The White House Press secretary tweeted:

This marks the first time Biden has skipped the annual Super Bowl Sunday interview with an English language news outlet. He sat down with Lester Holt last year for a Super Bowl pregame interview when NBC had rights to the game, and with Norah O’Donnell for a Super Bowl pregame interview in 2021 when CBS had rights to the game.

President Biden has given multiple TV interviews since Tuesday’s State of the Union address. He sat down with Judy Woodruff on Wednesday for PBS NewsHour, and with Julio Vaqueiro on Thursday for Noticias Telemundo.

A televised interview featuring POTUS on Super Bowl Sunday has become a tradition, going back to 2004 when CBS Sports’ Jim Nantz sat down with then President George W. Bush in 2004 before the big game. The live interviews continued with President Barack Obama. However, they became taped once Donald Trump became president. Trump’s first Super Bowl interview, with then-Fox News host Bill O’Reilly, took place in 2017. He broke off the tradition in 2018 when NBC had rights to the game.
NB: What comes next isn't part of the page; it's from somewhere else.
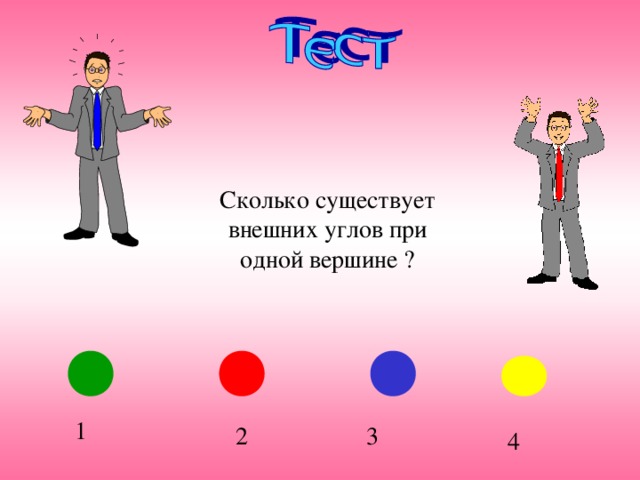 Сколько существует внешних углов при одной вершине ? 1 3 2 4 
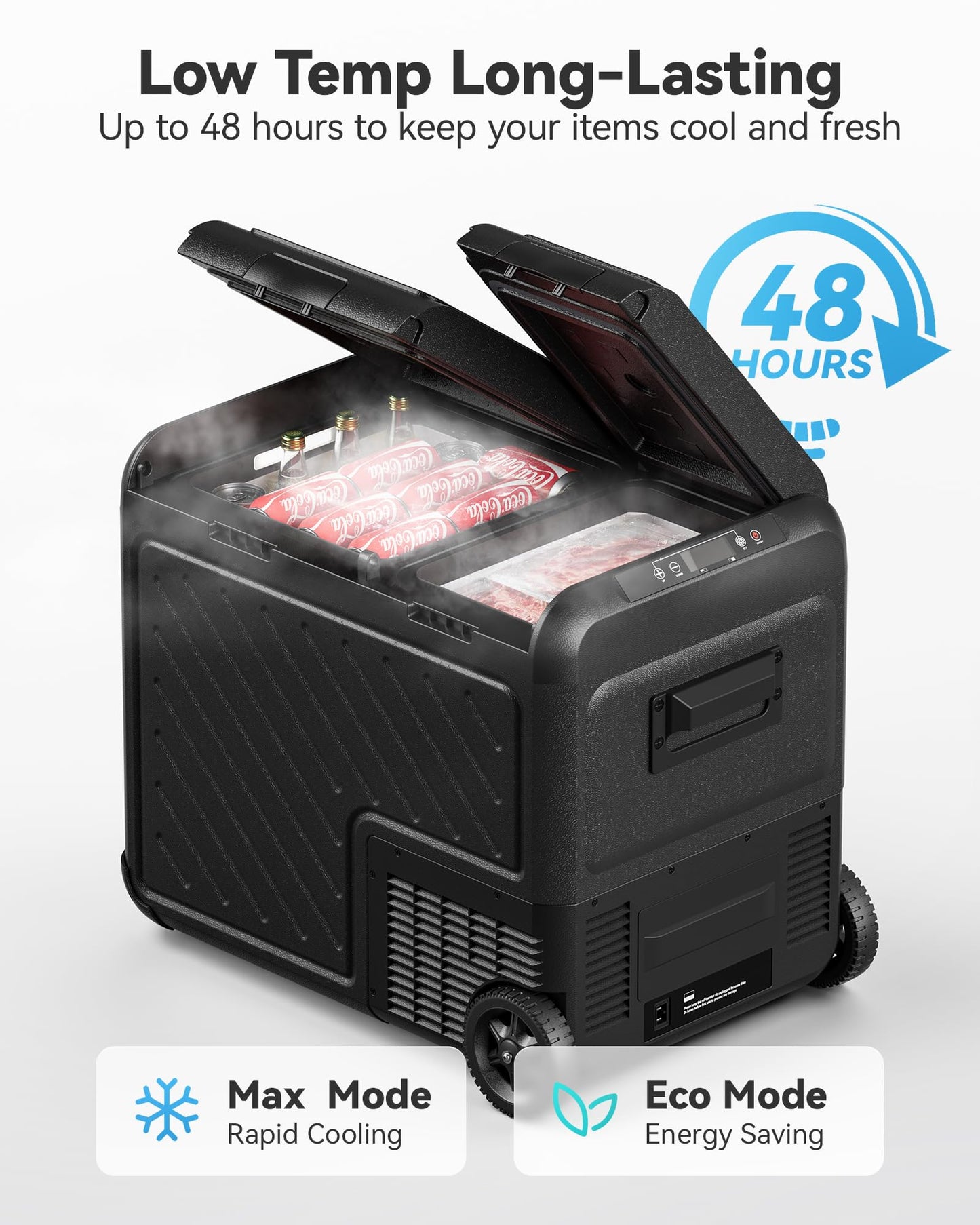 WOLFBOX 12V Car Refrigerator, 48 Quart Dual Zone Car Fridge, Portable Freezer(-8℉~68℉) with 12/24V DC 100/240V AC, APP Control Electric Cooler for Car, RV, Camping, Travel and Home Use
Trump’s refusal to sit down with NBC for a Super Bowl Sunday chat stemmed from anger over a 2017 interview he did with Holt, during which Trump told the veteran anchor that when he fired FBI Director James Comey, “I said to myself, you know, this Russia thing with Trump and Russia is a made-up story.” The interview gave prosecutors in the Mueller investigation yet another reason to think Trump had sought to obstruct justice, and Trump later claimed NBC was “fudging” the tape to make him look bad.

After a year off, Trump sat down with CBS’ Margaret Brennan in 2019 and Fox News’ Sean Hannity in 2020.